Hassan Ameer saw it as his patriotic duty to return home to Baghdad. He fled to neighboring Syria more than a year ago after extremists threatened him at his bakery. But now, with violence ebbing in the capital and the Iraqi government encouraging refugees like Ameer to come home, he decided it was time. "I know that the electricity is bad and that life is expensive when it comes to heating fuel, gas, and food, but that doesn't matter anymore," he says. "All Iraqis must go back now or else we will lose Iraq for good."
While Ameer is trying to adjust to being back, his wife, along with their two children, still refuses to leave Syria. "He calls me daily, talking about how he is happy to see his friends and family again. But yesterday, I heard that al Qaeda bombed three liquor stores in Baghdad, which means it's still risky there," she says, asking that her name not be used. "I hope that Hassan comes back soon and forgets about opening the bakery in Baghdad again."
Even within the same household, Iraqis are deeply divided over whether their country is really on a path back from the brink of anarchy. The Iraqi government, eager to demonstrate an improving security climate in Baghdad, has offered cash incentives of $800 a family to lure home refugees who fled the violence over the past four years, even dispatching several buses to bring back Iraqis living in Syria. While exact numbers are hard to come by, thousands of refugees are returning home, mostly to Baghdad. But it is more a trickle than a tide given that an estimated 2.2 million refugees are in Syria and Jordan.
Most of those returning appear to be motivated more by economic hardship or visa problems than by any belief that the worst violence is behind them. Syria has tightened its visa rules, forcing many Iraqis to leave. Few jobs are available in Damascus, and a United Nations survey of Iraqi refugees in Syria last month found that a third say their financial resources will last for three months or less. Saif Sadek, a former prison guard and taxi driver, sold his Baghdad house at a steep loss in 2005 to escape threats from Shiite militias. After two years in Syria, he spent all his money and had to return to Baghdad, where he is staying with a cousin. "As a man with a family, not having a house and without money, it is a challenge that no man can take," says the 42-year-old father of four. "The only thing that God had mercy on me is that I finished my money when security conditions in my neighborhood had improved and the death squads were gone."

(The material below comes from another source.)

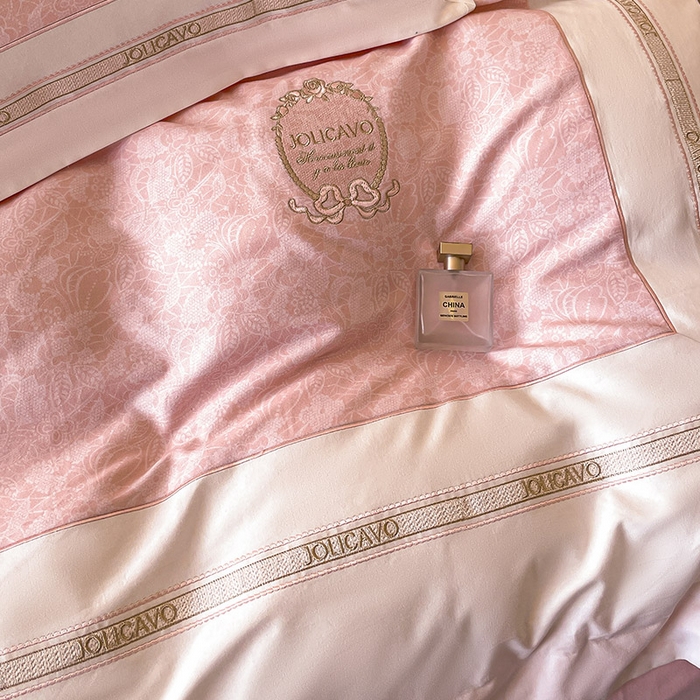 91家纺网 家纺一手货源 找家纺 2025年新款秋冬加厚A类全棉磨毛双面保暖四件套纯棉数码印花全工艺刺绣轻奢风床上用品 香颂粉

Sadek and the others who are coming back are rediscovering a capital city that has changed dramatically. Many neighborhoods that were once mixed are now either almost entirely Sunni or Shiite. New cement walls close off many streets and alleys. Some of the changes are encouraging—neighborhood groups working to clean the yards of abandoned homes and streets, local barbershops and bakeries reopening, and new militias, called "awakening councils," made up of residents paid to patrol the streets and man checkpoints. "There was a dramatic change in my Al Amel neighborhood, where Sunnis and Shiites are brothers again," says Sadek. "I couldn't believe my eyes."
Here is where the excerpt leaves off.